Having recovered with some difficulty from the confrontation with the damned Kindred deity, the AllFather was back aboard the Fathership and heading for the Maw Cluster. He could feel that Xairn and the girl had gone there—could sense them like two pinpricks of light far away on a distant horizon. Their traces were faint but he could follow them, sniffing out the familiar scents like an urlich hot on a scent.
Or he had been able to until just a few moments ago.
Closing his burning eyes, the AllFather cast his dark net again, flinging his consciousness out into the blackness of space like a poisonous spider flinging a strand of toxic silk.
But there was nothing. The lights had disappeared, the traces had vanished.
Where could they have gone? Were they dead somewhere, the flimsy little ship Xairn had stolen crashed into the side of a stray asteroid?
The AllFather felt no sorrow at the thought—only rage. Rage that his only son and best source of nourishment should have escaped him so completely.
But he didn’t truly believe that Xairn was dead, or Lauren either. His son had developed a ridiculous fascination with the human girl. Knowing him, he would go to great lengths to protect her. Just as he had tried to protect the common urlich which he had taken for a pet. The AllFather well remembered how foolishly attached the boy had become to it—how upset he had been at the dumb beast’s demise.
But why the Maw Cluster? There was nothing of interest there—nothing but the thuggish splicers, constantly carving each other up and recombining the DNA into different configurations. Always…
The AllFather stopped pacing abruptly. His long, skeletal hands squeezed into fists. Of course. Their DNA—Xairn has taken her there to get their DNA changed. And he’s succeeded—their signatures are completely different now. No wonder I have lost sight of them!
The AllFather threw back his head and let out a long, hissing howl that echoed through the entire ship. Far down the bleak, empty corridors of the Fathership, the urlich heard him in their kennels and took up the cry.
“Gone!” the AllFather screamed, as his personal guard came running to find out what was wrong. “He’sss taken her away and changed her. They are gone forever from my sssight. Gone!”
Chapter Fourteen
Lauren woke suddenly from a horrible dream about a pair of big red scissors cutting off her hand. No, not my hand—it was my finger. My pinky finger.
She raised her left hand to her face and examined it anxiously but everything looked normal. Didn’t it? On closer examination she wasn’t so sure. Her pinky finger looked…strange somehow. Lauren couldn’t put her finger on it—no pun intended—but when she touched the tip of her pinky finger to her thumb it tingled.
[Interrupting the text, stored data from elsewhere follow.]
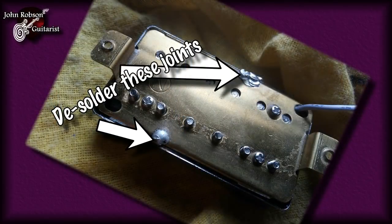The first thing you need to do, after you've taken the strings off the guitar and lifted the pickup out, is — if your pickup has a cover on it — desolder these joints here, which are holding the cover on, and then take the cover off.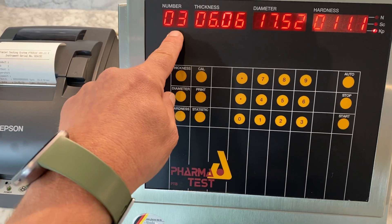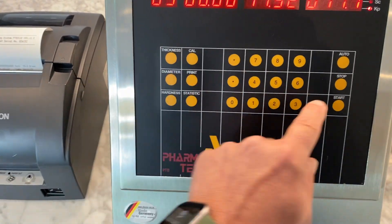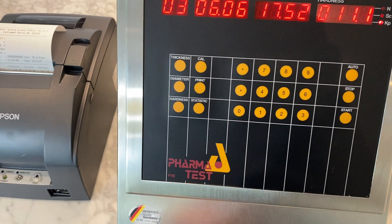We would then test the total number of tablets in our test, whether they be 5, 10, or 20. To stop the test and get the results, we press stop.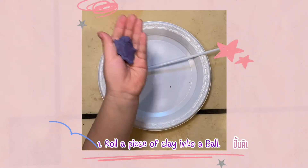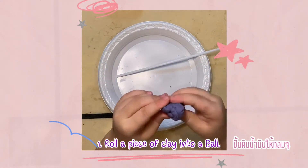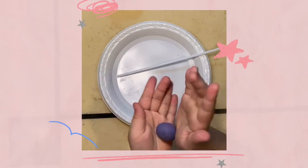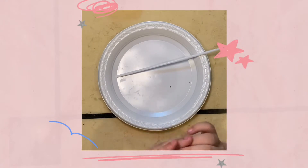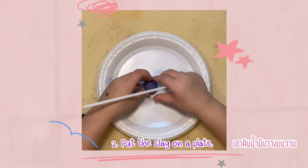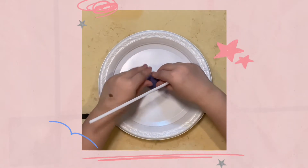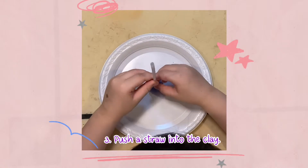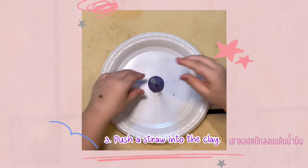First, roll a piece of clay into a ball. Second, put the clay on the plate. Third, push a straw into the clay.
Also, the nail on it was a lot shorter than the nails on her other fingers. Lauren wasn’t a nail biter and she didn’t remember breaking a nail, so what was going on?
Don’t be silly, she told herself uneasily, turning her hand this way and that to examine the suspect pinky. It was just a bad dream. Get over it and move on.
Feeling more awake, she looked around the room for Xairn. He’d said he was going to sleep on the couch across from the bed, but it was empty. Then she became aware that someone was in bed beside her, breathing deeply and obviously asleep.